Hansi Libros changed its name and domain several times in order to avoid enforcement efforts directed against its hosting providers. On more than one occasion, it lost gigabytes of information due to changes in hosting policy. As with LibGen in Russia, this pressure has pushed Hansi to become more a distributed network of collaborators and systems, with greater redundancy. As one collaborator put it (in an IRC interview with the author):

Resiliency comes from rapid dissemination and replication. Now, something new is made available across twenty sites within hours. There are metanetworks—every shared interest unconsciously forms a network—and there are dozens of sites that do this. It doesn’t matter if one is erased. Even though the law is becoming less flexible, I don’t think this dynamic will change. Either new business models will emerge that are fairer to the consumer, or this activity will continue underground.

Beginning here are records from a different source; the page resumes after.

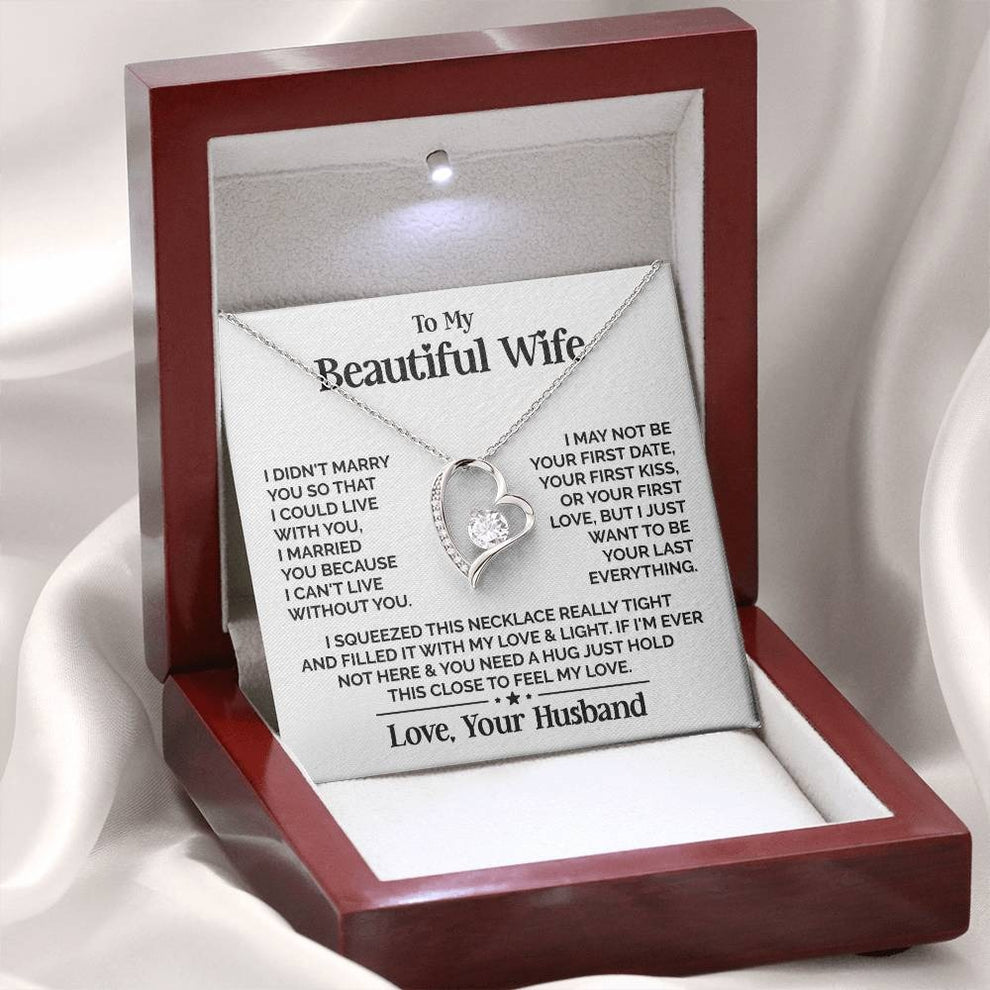 TO MY WIFE - GIFT FROM HUSBAND "My Beautiful Wife" - Forever Love Necklace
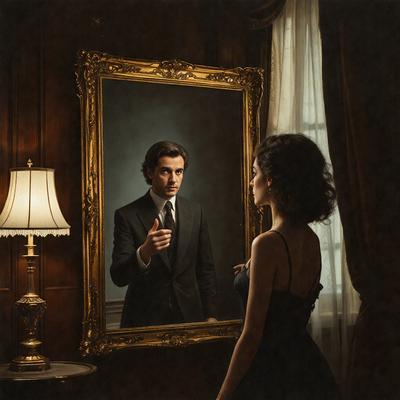 The primary subject of the image is a man wearing a suit and tie, standing in front of a mirror. He is pointing at his reflection, possibly making a gesture or giving a thumbs up. The setting is a room with a wooden surface, and the visual style appears to be a photo. The colors in the image are predominantly dark, creating a moody atmosphere.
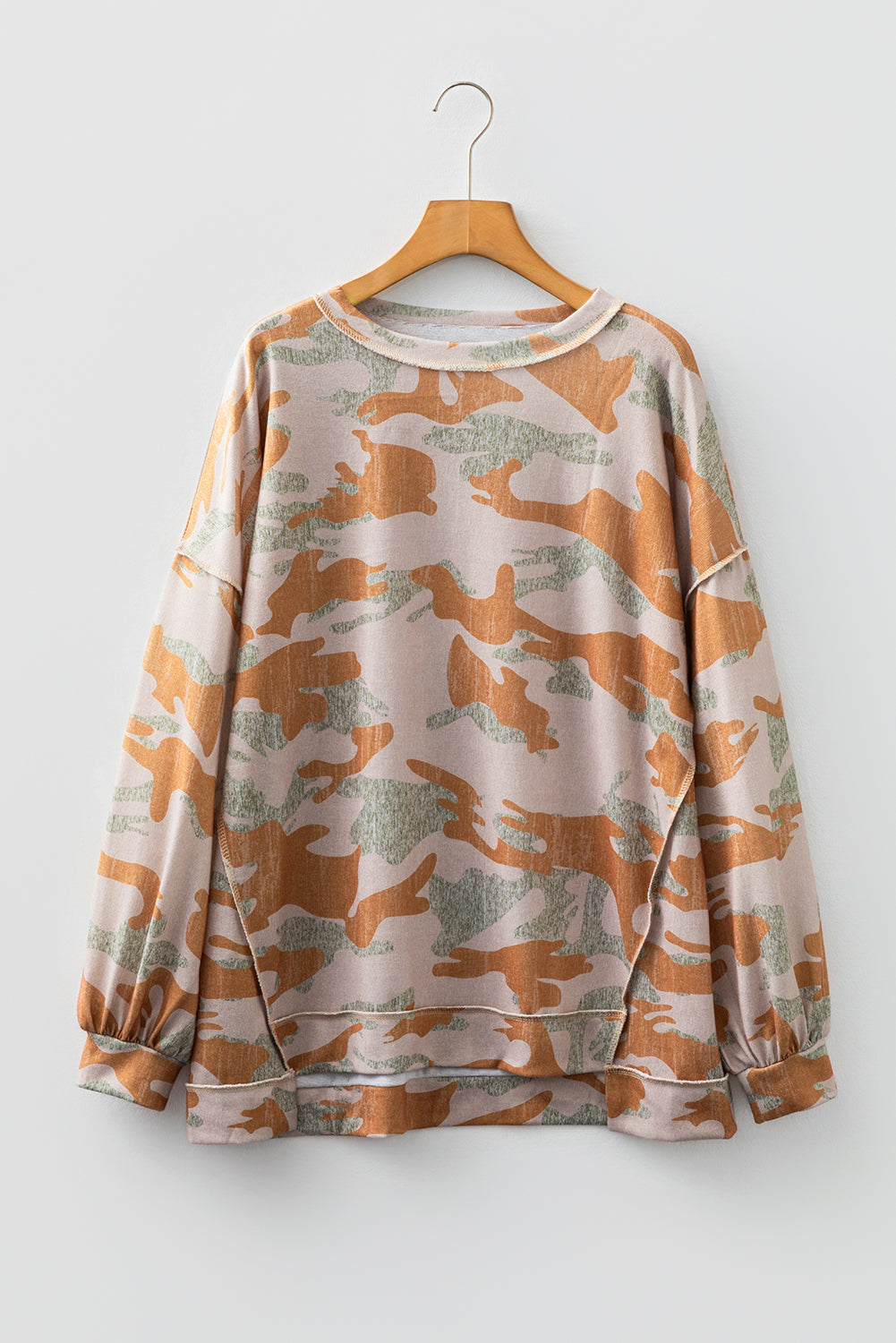 Brown Retro Camouflage Print Exposed Seam Patchwork Drop Shoulder Sweatshirt-Tops/Sweatshirts & Hoodies-[Adult]-[Female]-2022 Online Blue Zone Planet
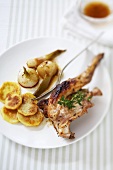 Hare with onions and fried potatoes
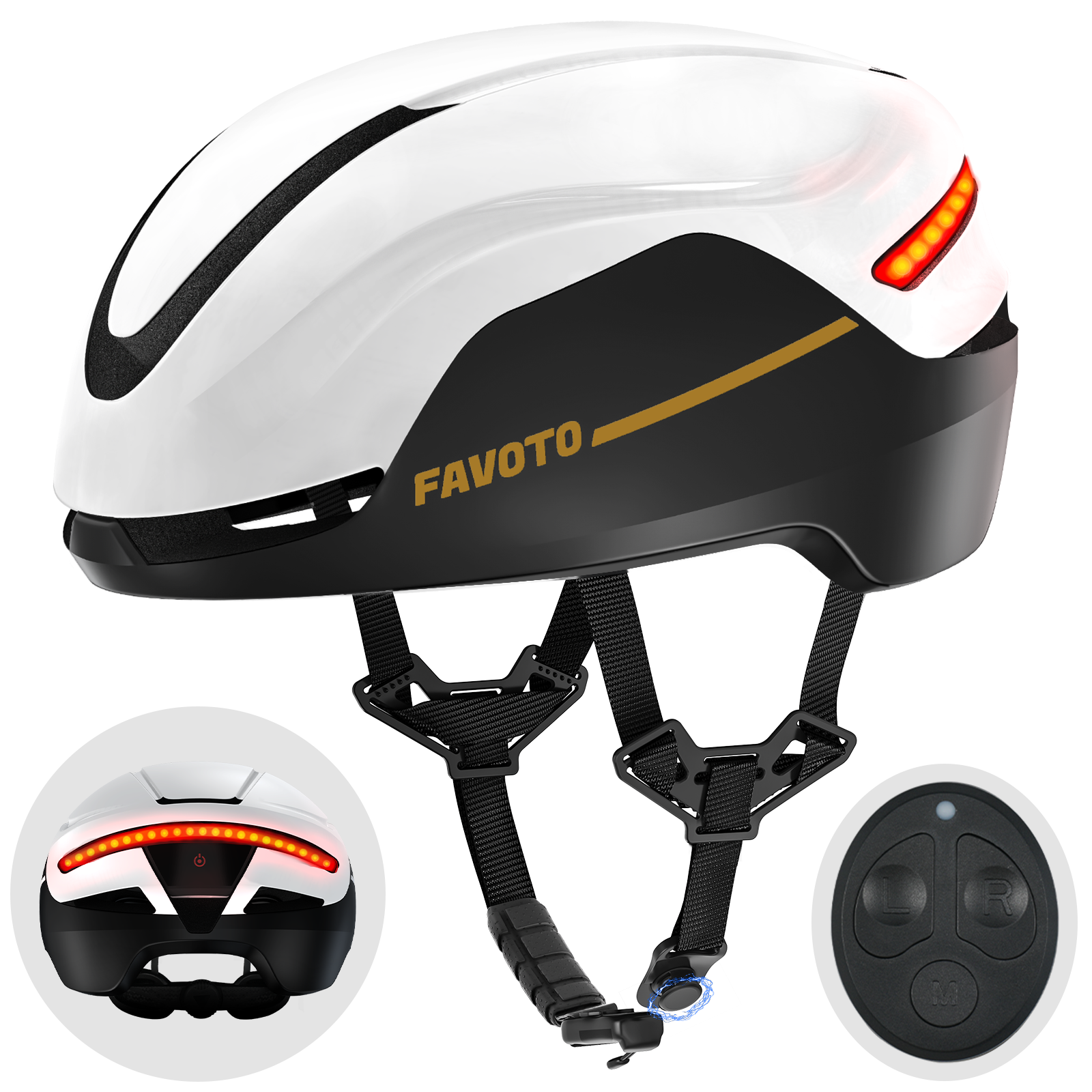 bike helmet led Favoto Smart Bike Helmet with Lights and Turn Signals, CE Certified Cycling Helmet for Adults with Remote Control, 3 Red Light Modes: Breathing,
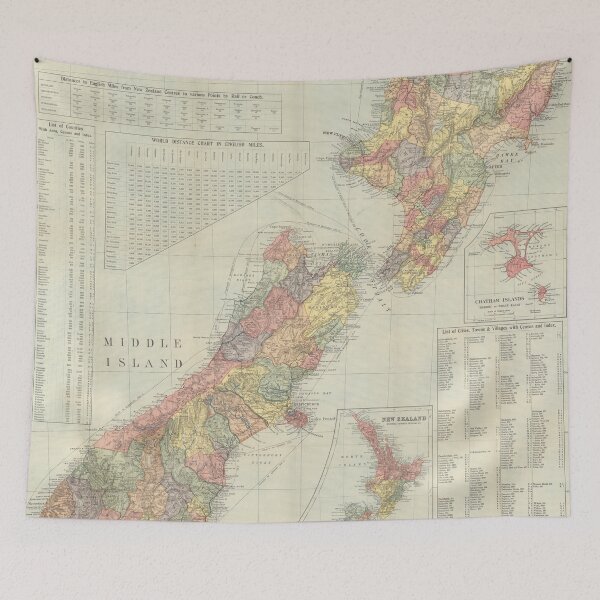 Item preview, Vintage Map of New Zealand (1906) designed and sold by BravuraMedia.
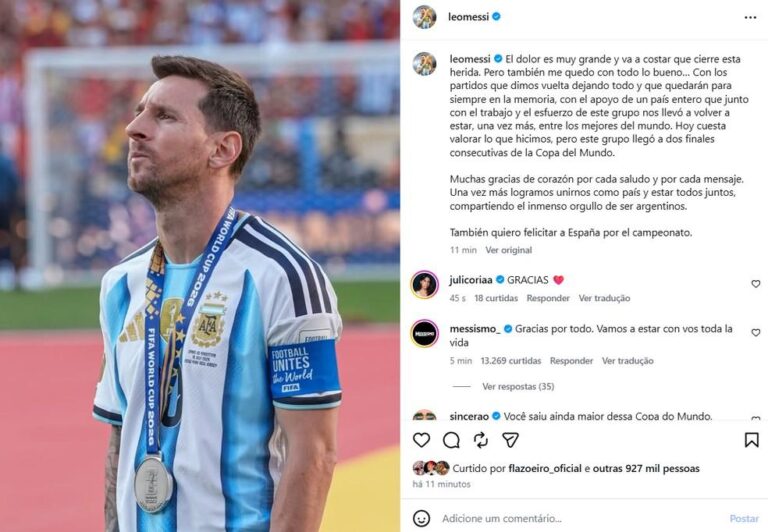 Messi se Manifesta Após Derrota da Argentina na Final da Copa do Mundo de 2026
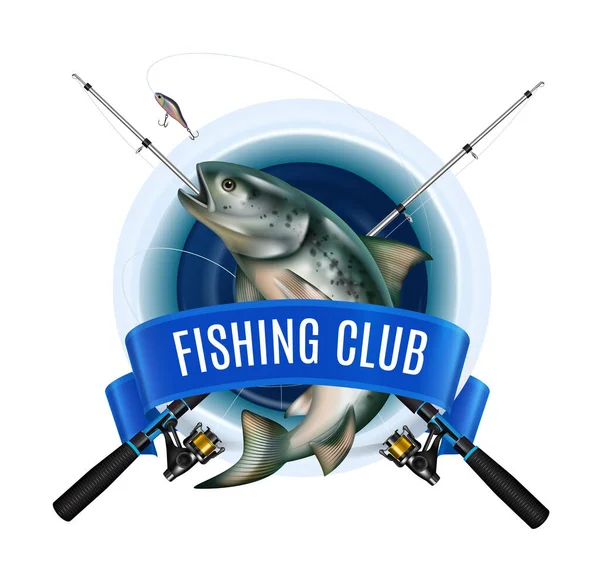 Winter Fishing Club Emblem — Stock Vector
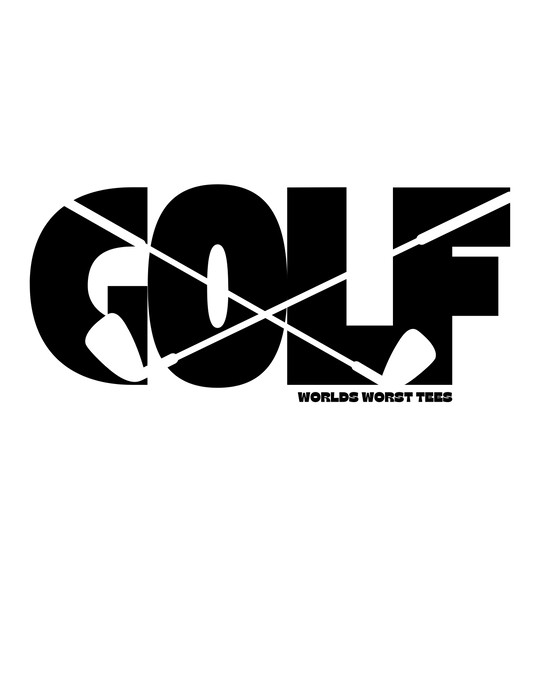 Golf Tee with white crossed sticks design, showcasing relaxed fit and durable, soft-washed fabric, perfect for everyday wear. Ideal for fans of unique graphic t-shirts.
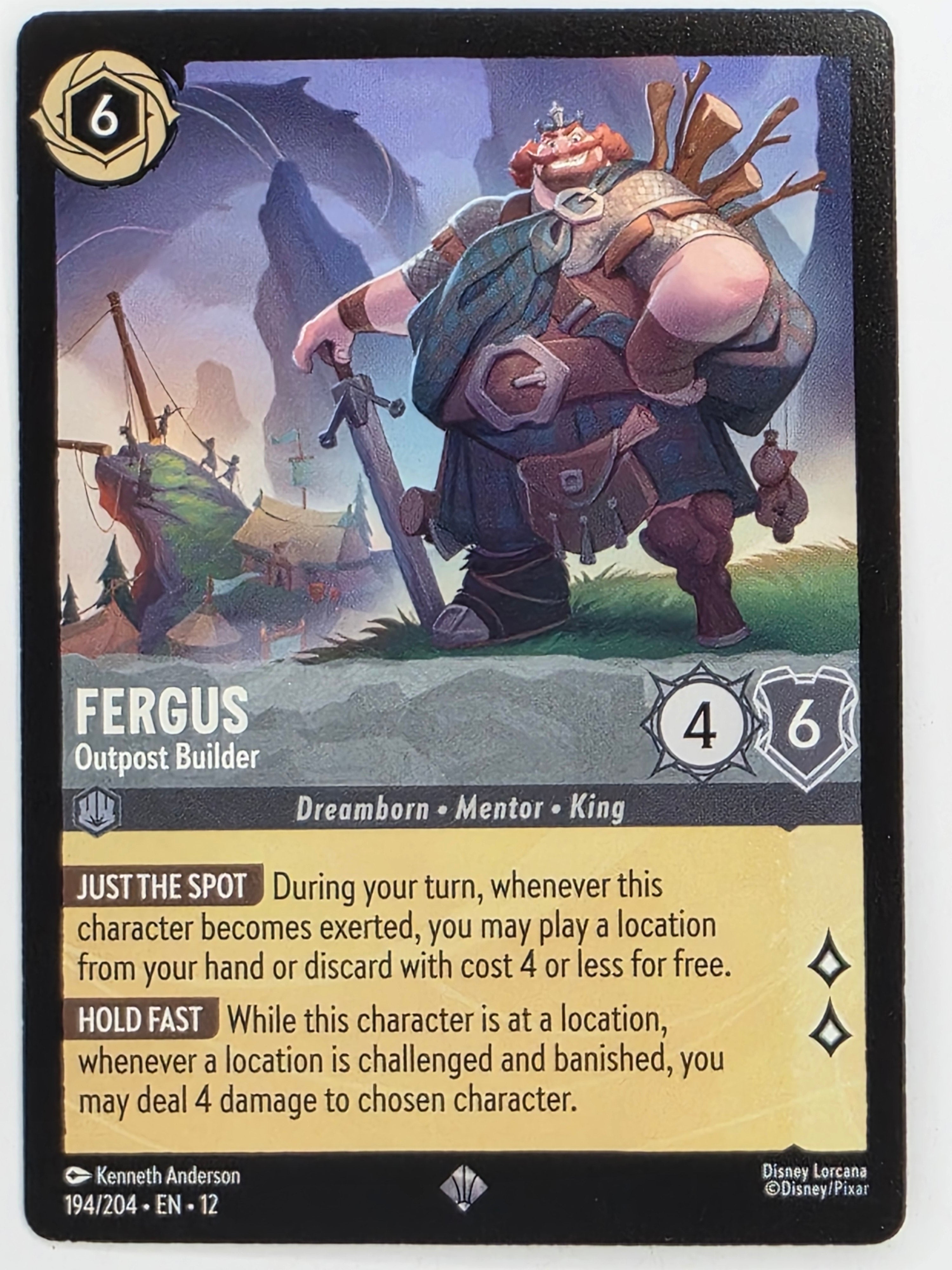 Disney Lorcana Wilds Unknown | #194/204 | Fergus Outpost Builder | Super Rare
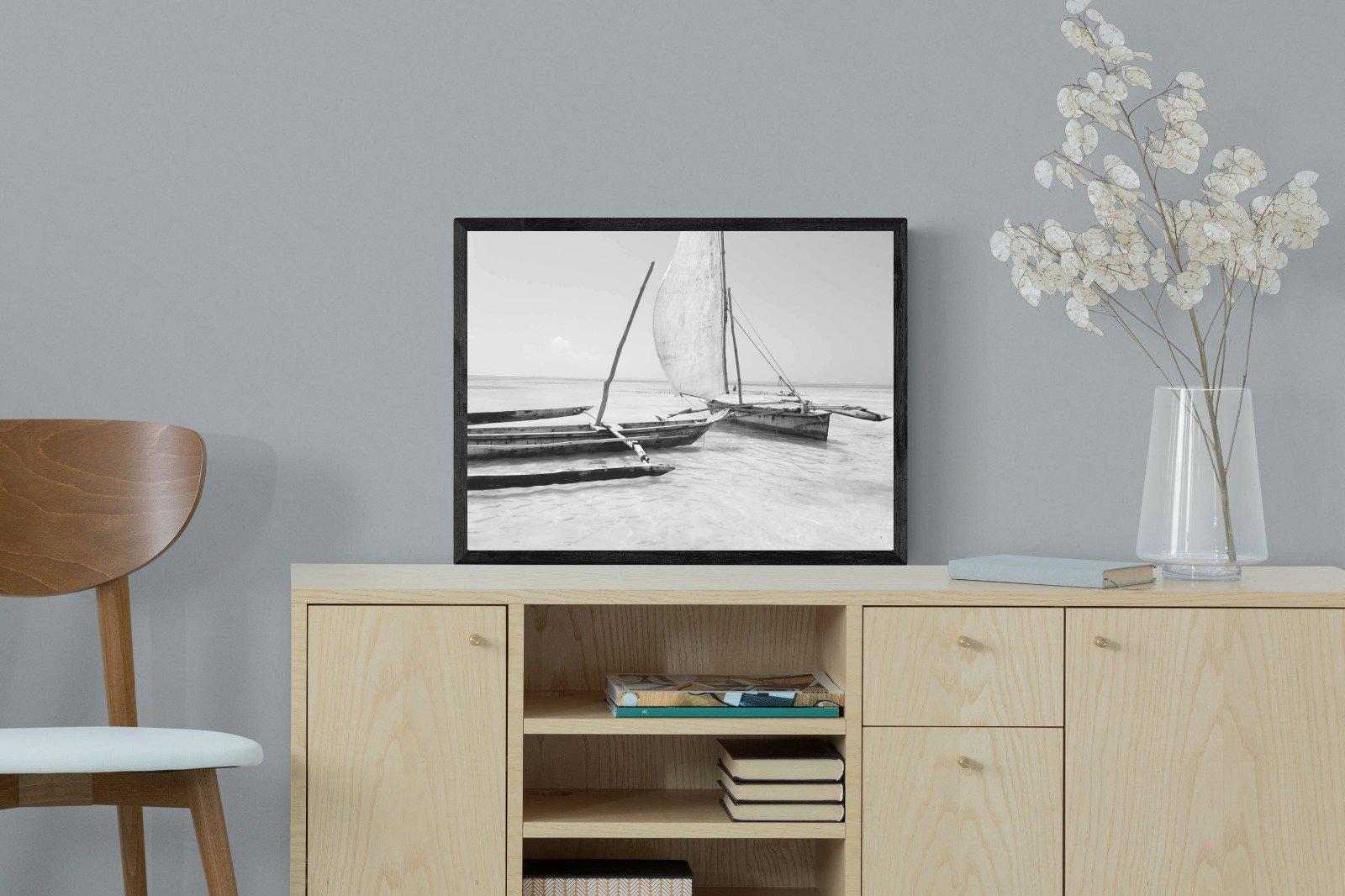 Zanzibar Fishing Boats-Wall_Art-60 x 45cm-Mounted Canvas-Black-Pixalot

At the UBA, students began to experiment with collaborative, organized digitization and archiving of classroom materials in the mid-2000s. The most prominent of these projects was BiblioFyL, which began in 2007 and continues today, in spite of various difficulties. The early days of the project followed a familiar trajectory of student self-organization, facilitated by listservs and forums. BiblioFyL began as a small-scale Internet forum for the exchange of course materials at the School of Philosophy and Letters. Over time, this exchange became more organized, reaching more students. As its catalog of materials and audience expanded, BiblioFyL moved to a dedicated content management system and website.

Like many other shadow libraries, BiblioFyL had its origins in a classroom community. In 2001, a professor of linguistics and grammar, started Kleopatra,24 a mailing list devoted to sharing materials for his classes and for fielding questions about the curriculum. Said the professor: “From the beginning, what I tried to do was ensure that the course materials circulated, so that people brought them to class, always thinking about how I could optimize class time. Unlike the virtual libraries of today, there was no wider or more open agenda.”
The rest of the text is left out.